Julgando ter ultrapassado o pior momento da crise do "valerioduto", governistas retomam em uníssono a peça de defesa, forjada já no início do escândalo, de que tudo não passaria de um esquema paralelo para financiar campanhas eleitorais. O raciocínio propõe que recolher dinheiro irregularmente para saldar compromissos de campanha seria um crime menor, passível de penas atenuadas, quiçá até de absolvição, pelo fato de que todos os partidos recorreriam ao mesmo expediente.
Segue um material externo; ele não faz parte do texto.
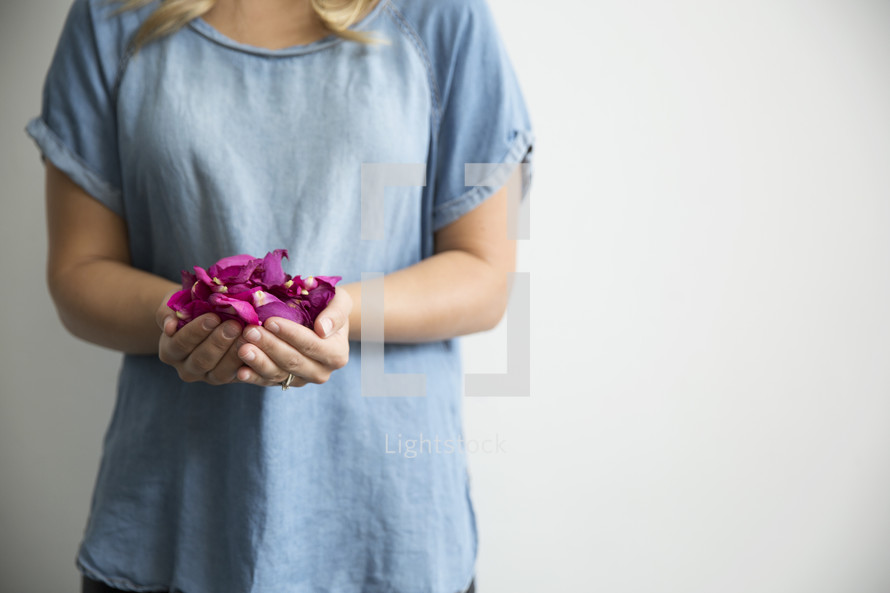 cupped hands holding rose petals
Mas não pára por aí. Ao enunciar uma prática que seria generalizada, a argumentação tenta afastar a necessária responsabilização individual e transferir o problema para uma solução sistêmica. Então, passa a pregar a necessidade de reformar as regras político-eleitorais, que seriam as culpadas em ultima instância por tudo o que está acontecendo. Esse exercício retórico, porém, não resiste à lógica.
Um fundo ilegal em dinheiro vivo, das proporções do que está em questão, não surge da intenção de amigos de doar "santinhos" que não são informados à Justiça Eleitoral, para usar o exemplo citado pelo vice-presidente José Alencar, em sabatina promovida pela Folha, ao argüir a banalidade do caixa dois. Tampouco se explica apenas por doações de empresas que não desejam aparecer na prestação de contas oficial temendo represália -empresas essas que, ao esconderem a doação, ou maqueiam seus balanços ou sonegam tributos.
É, necessariamente, um escoadouro para onde vão doações dos caixas clandestinos de empresas interessadas em contratos com o poder público -bem como em regulamentação de atividades que lhes interessam- e toda sorte de "comissões" que contratos como esses propiciam. É dinheiro de sonegação e de corrupção, portanto. O fato de esses recursos serem aplicados em campanha eleitoral, em consumo pessoal ou no enriquecimento do político não os torna menos ilegais e não redime seu usuário de ter cometido crime.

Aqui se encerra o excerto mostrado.